# Greetings from Okinawa



## fairmanjd (May 19, 2010)

Greetings from a displaced Texan currently stationed in Okinawa.  I thoroughly enjoy your website.  I am moving to Florida in a couple of months and am looking forward to finding and petitioning a lodge there.  Thanks to the website administrator, moderators and all of you who regularly contribute to the forums.


----------



## swole (May 19, 2010)

fairmanjd said:


> Greetings from a displaced Texan currently stationed in Okinawa.  I thoroughly enjoy your website.  I am moving to Florida in a couple of months and am looking forward to finding and petitioning a lodge there.  Thanks to the website administrator, moderators and all of you who regularly contribute to the forums.


 
Howdy from Austin! I was stationed in Camp Zama Japan in 95.


----------



## fairmanjd (May 19, 2010)

Swole,
Howdy back!
I got here in 2005.  I have thoroughly enjoyed the people, the culture and the FOOD.  I will greatly miss our church family.  I won't miss the climate generated by the political situation and location out here; but obviously there are positives and negatives everywhere you go. All in all, it's been a challenging yet rewarding tour. I can't wait to swing through TX en route to FL.  I've been missing God's country for quite some time now.  

BREAK

All:
I just recieved a couple of messages from a moderator in my inbox welcoming me to the site but instructing me to review the rules of the forums.  If my initial post in your forums came across as if I were trying to represent myself as a Mason, allow me to first apologize and then to correct myself... I am not.  I am simply reading and learning all I can about Freemasonry in hopes of petitioning a lodge at my next duty-station.  Once again, thank you for the great website.  It is both highly interesting and informative.
Very Respectfully


----------



## JTM (May 20, 2010)

okinawa?  excellent... welcome!

feel free to ask any questions you have.


----------



## Casey (May 26, 2010)

Welcome!


----------



## Bro. Stewart P.M. (May 26, 2010)

Welcome!


----------



## Huw (May 26, 2010)

Hi fairmanjd.

I don't see how your initial post could have misled anyone, since you specifically mention that you're looking forward to petitioning, and any Brother would instantly realise that this means that you haven't joined yet.  So I'm not sure what the problem was.

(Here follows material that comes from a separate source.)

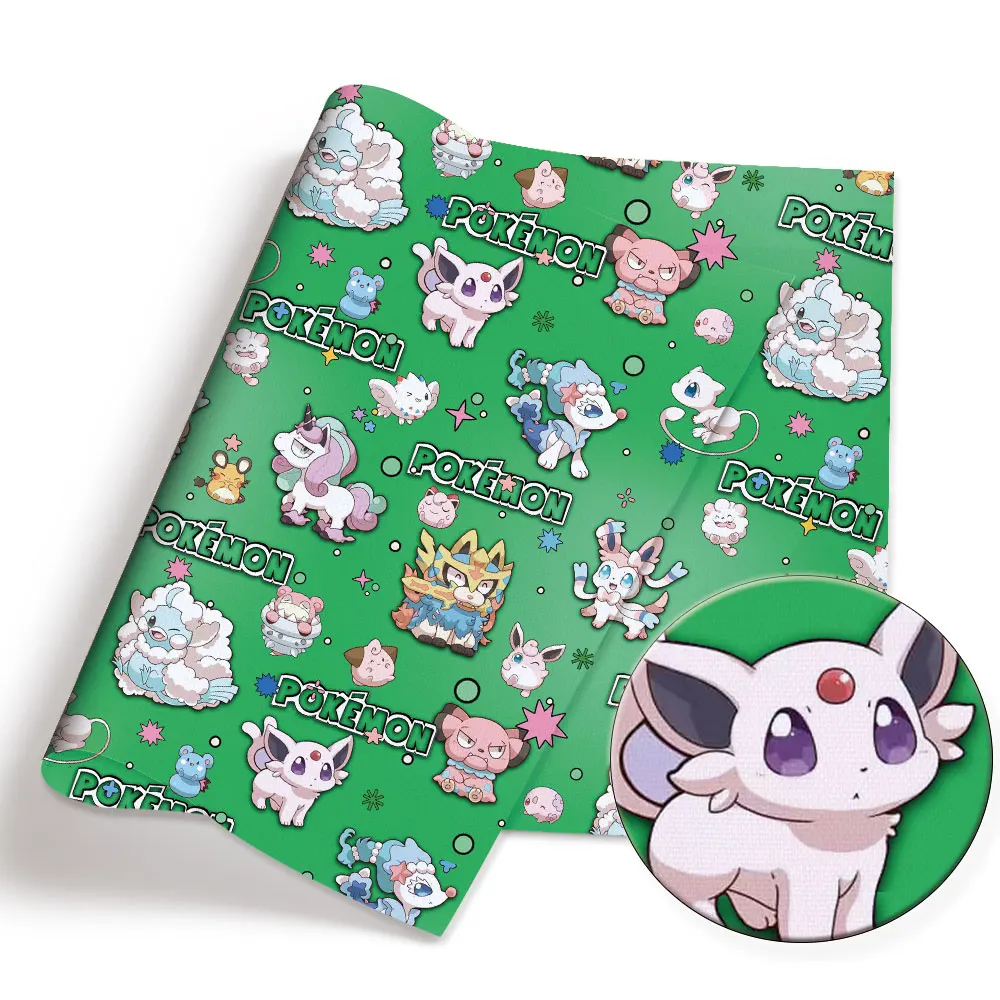 Pokemon Cartoon Fabric140 * 50 - Baby Products In Japan recensione e prezzo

This is a very fine site, full of useful information.  I hope you continue to enjoy it.

Best regards,

Huw


----------



## fairmanjd (May 28, 2010)

It is indeed a great site.  47 days to go until we move (not that I'm counting).
I've been invited to an open house for friends and family at the lodge here in Oki.  Looking forward to some good fellowship tonight and learning more.  The kiddoes are looking forward to it as well.


----------



## Del B (Jul 1, 2017)

Looking to connect to any brothers from Okinawa #118


----------



## SCStrong (Jul 1, 2017)

fairmanjd said:


> Greetings from a displaced Texan currently stationed in Okinawa.  I thoroughly enjoy your website.  I am moving to Florida in a couple of months and am looking forward to finding and petitioning a lodge there.  Thanks to the website administrator, moderators and all of you who regularly contribute to the forums.



 Welcome, Friend.....  Okinawa ?  Marine?


----------



## Warrior1256 (Jul 4, 2017)

Welcome!


----------